El documento también registra casos reportados por la Flip como el del periodista Gonzalo Guillén, de quien Uribe dijo que había dedicado su carrera periodística a la infamia y la mentira. O la calificación de “mentiroso” y “miserable” a Daniel Coronell. “Estas acusaciones públicas solían tener como consecuencia el aumento de las amenazas a los periodistas señalados”, dice el informe.

Camilo Vallejo, abogado y periodista, uno de los investigadores del informe La palabra y el silencio, explicó que no porque se reduzcan los homicidios de periodistas hay más libertad de prensa. “Crecen otro tipo de agresiones, no solo las amenazas, que son las que toman protagonismo después.
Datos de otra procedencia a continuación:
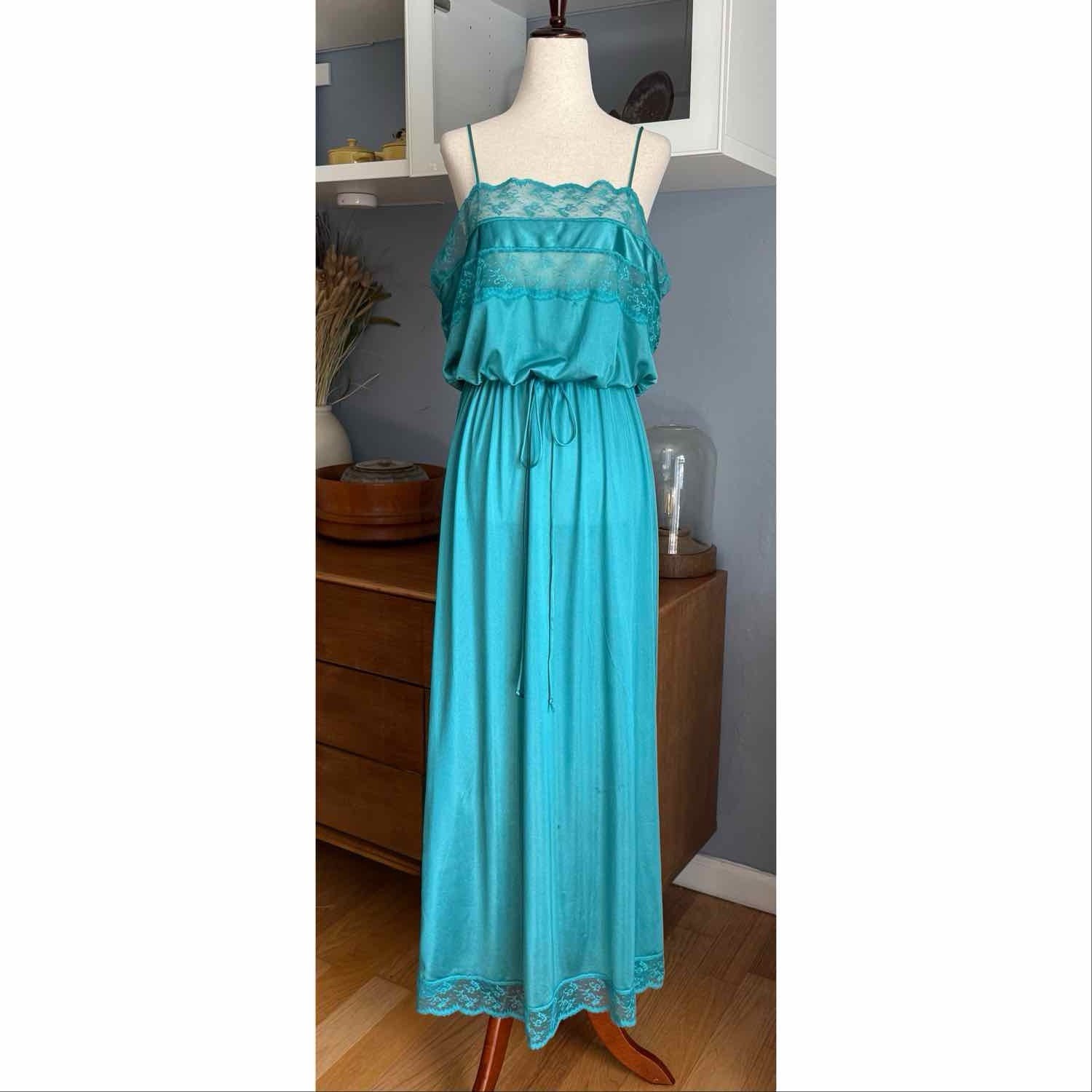 Vintage Flair For Joseph Magnin Turquoise Blouson Nightgown w/ Lace Trim Sz L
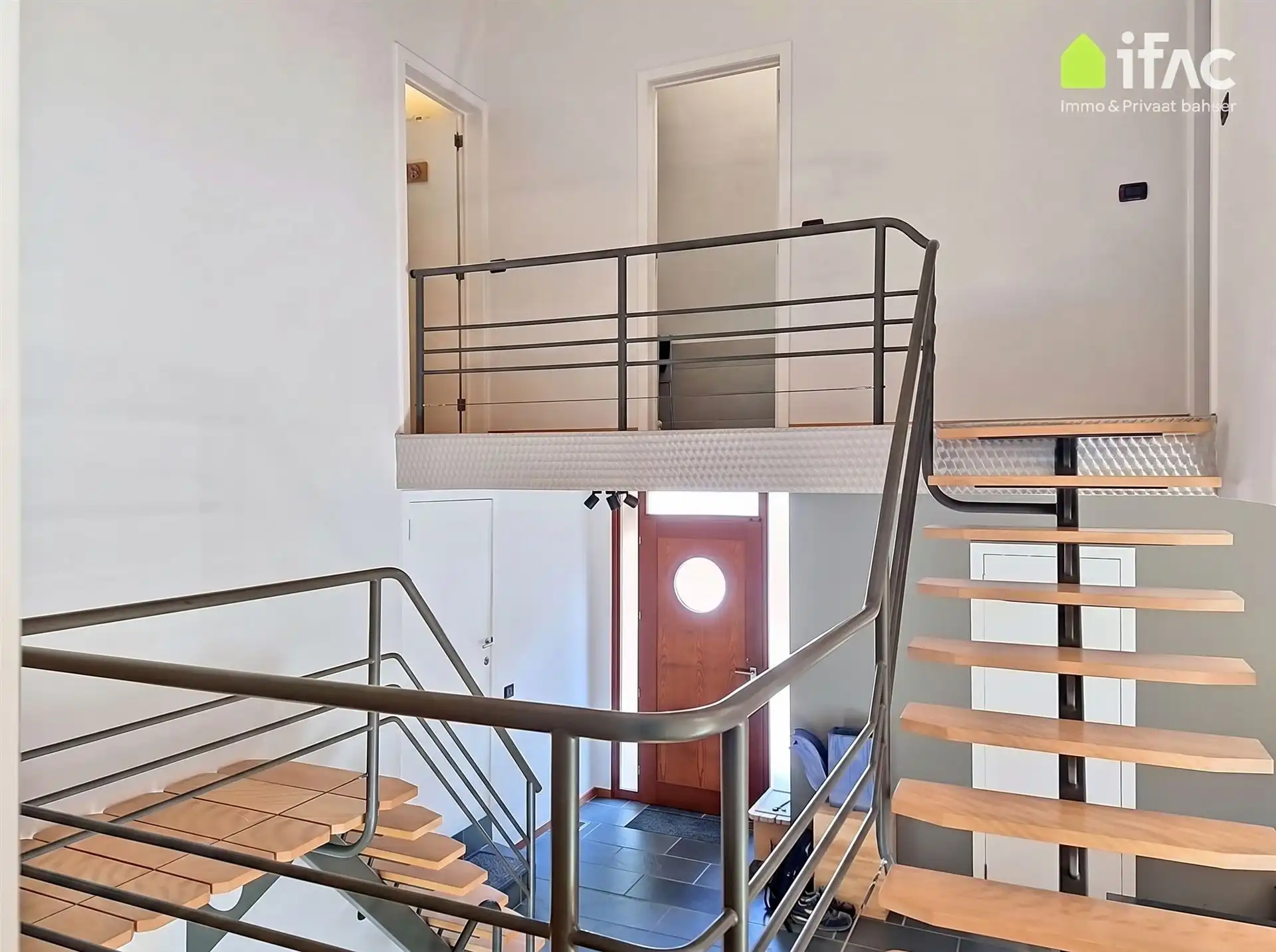 Unieke moderne split-levelvilla met zwembad op 17a83ca foto 28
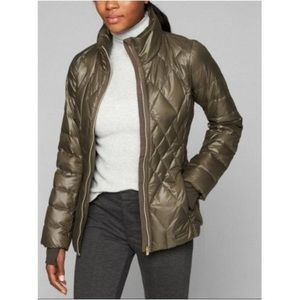 Athleta Responsible Chill Down Size Medium
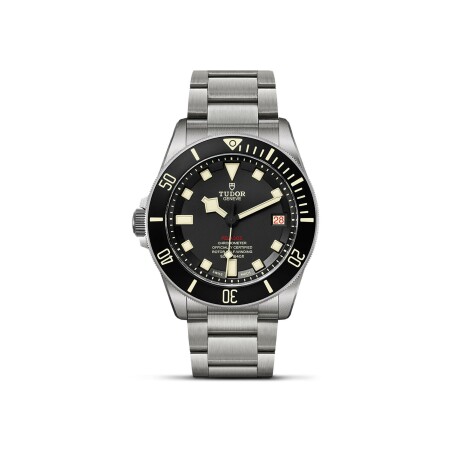 Montre TUDOR Pelagos lhd disque noir mat en céramique, bracelet en titane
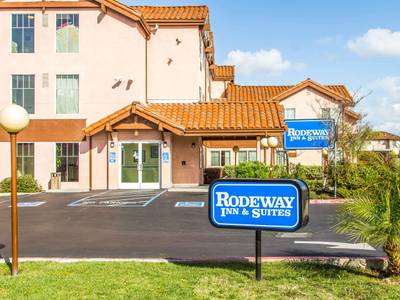 Rodeway Inn & Suites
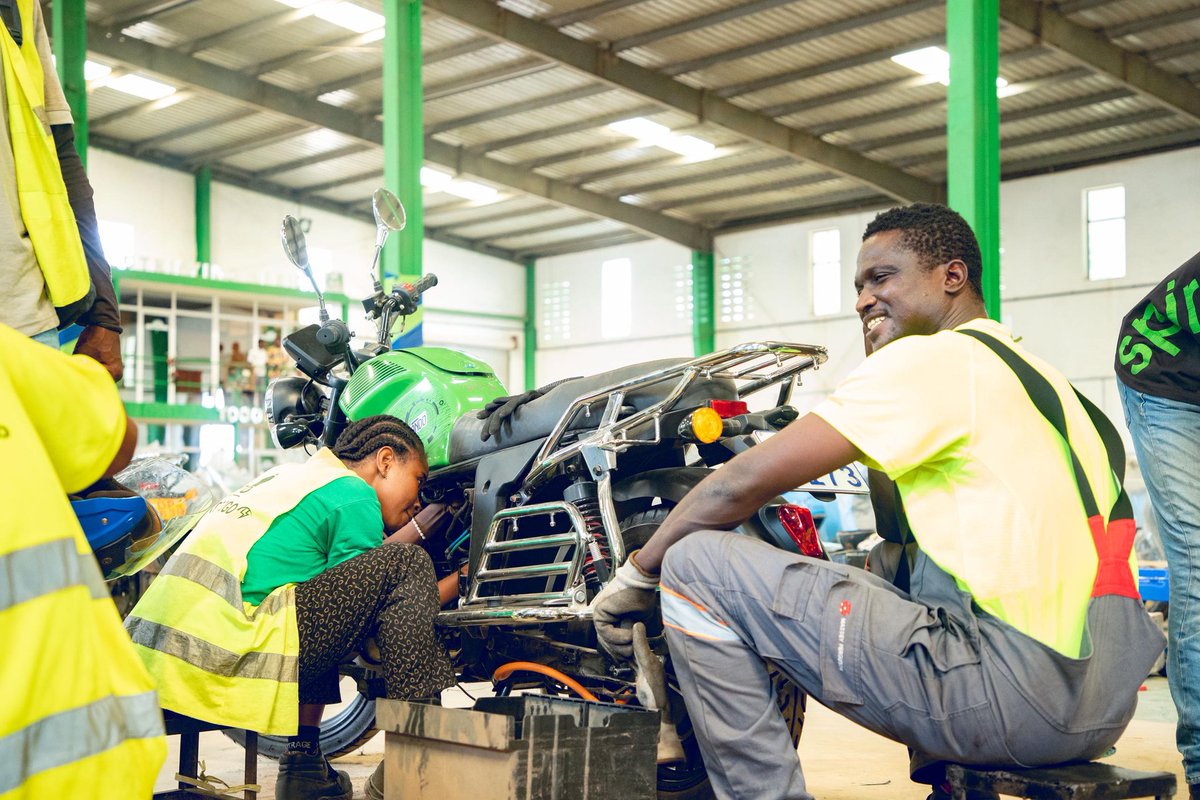 ZikDePartout's tweet photo. Le Togo affirme sa position de leader en Afrique dans le domaine de la MOBILITÉ ÉLECTRIQUE avec SPIRO🇹🇬

Dotée d'une capacité de production de 1000 MOTOS par JOUR, l'usine incarne l'avenir de la mobilité durable.  

#Arise #Spiro #PIA https://t.co/4d8FPHHie2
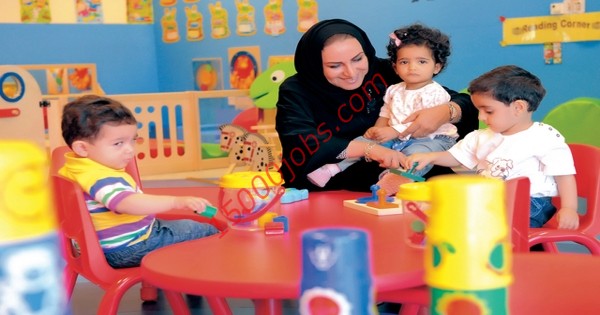 مطلوب معلمات ومساعدات معلمات لحضانة ثنائية اللغة بالكويت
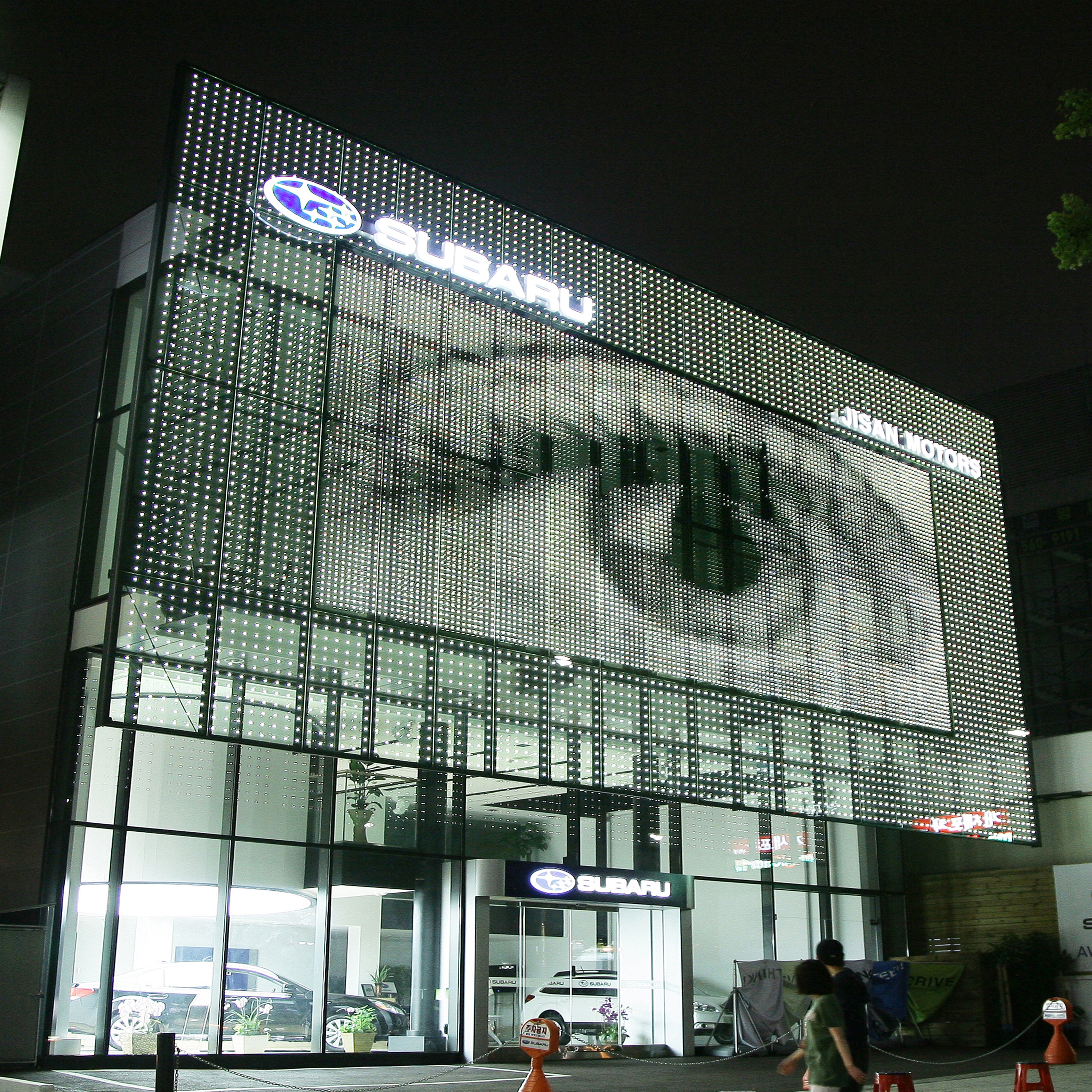Mostra il prodotto powerglass® media façade : SUBARU del produttore Peter Platz Spezialglas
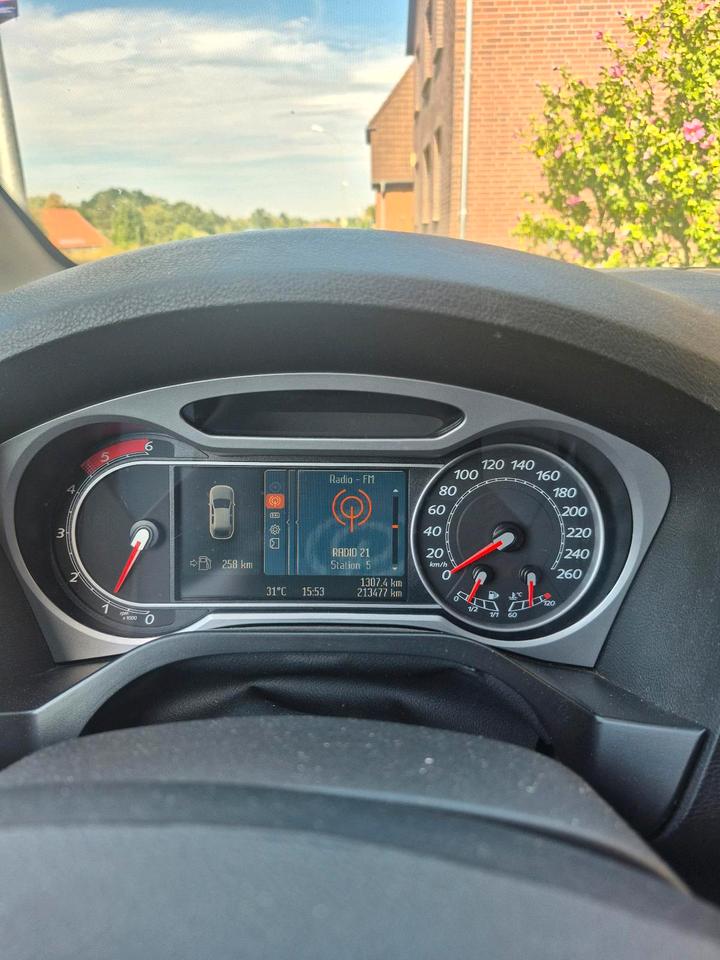 Ford S-Max 2008 — photo 12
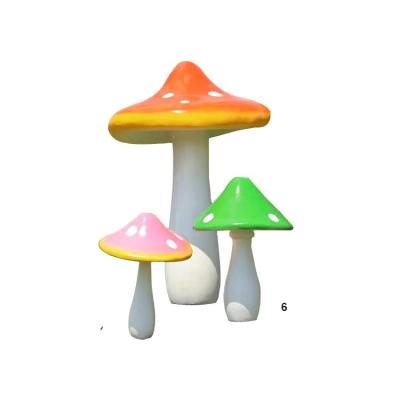 China Large Customizable Europe Cartoon Outdoor Fiberglass Mushroom Factory Modern Sculpture For Sale for sale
En el Gobierno de Uribe aparecen dos tipos de agresiones que eran muy pobres antes, el espionaje, lo que viene con las chuzadas del DAS (Departamento Administrativo de Seguridad), donde un gran número de periodistas sufre de interceptación de sus comunicaciones, de robos de equipos en sus propiedades. El otro es la estigmatización por parte del mismo presidente y ese es un problema de libertad de prensa en la medida en que pone en riesgo al periodista, en la que el principal funcionario, que es el presidente, pierde su posición de garante para defender a los periodistas”.

Vallejo afirma que es absolutamente falso que las amenazas se incrementen porque hay una confianza y la gente ha denunciado más. Explica que los datos de la Flip, que son los que retoma el informe, no son datos oficiales, no se toman ni de la Fiscalía, ni de la Policía, “precisamente porque desde su nacimiento la Flip documenta casos porque entiende que muchos periodistas no quieren hacerlos llegar a las autoridades. El incremento se registra en el rastreo que hacía la Flip antes del 2002”, indicó.

Además, Vallejo recordó que en esa época hubo muchos periodistas desplazados, solo en Arauca 20 periodistas tuvieron que salir del departamento. Para el investigador es muy difícil saber si el sistema de protección se fortaleció en el gobierno Uribe.

Vallejo indicó que hay una hipótesis muy fuerte y es que lo que ocurre en la era Uribe, con ese proceso de estigmatización y de recrudecimiento del conflicto, es que al aumentar la autocensura, menos agresiones se registran como noticias, pero no hay más libertad de prensa, “esa es la ecuación que no se puede perder de vista”, recalcó.

“Otra hipótesis es que la autocensura está creciendo cada vez más, hay menos agresiones, pero la situación de la libertad de expresión puede estar igual o incluso peor si hablamos en términos de cuánta información estamos conociendo”, concluyó Vallejo.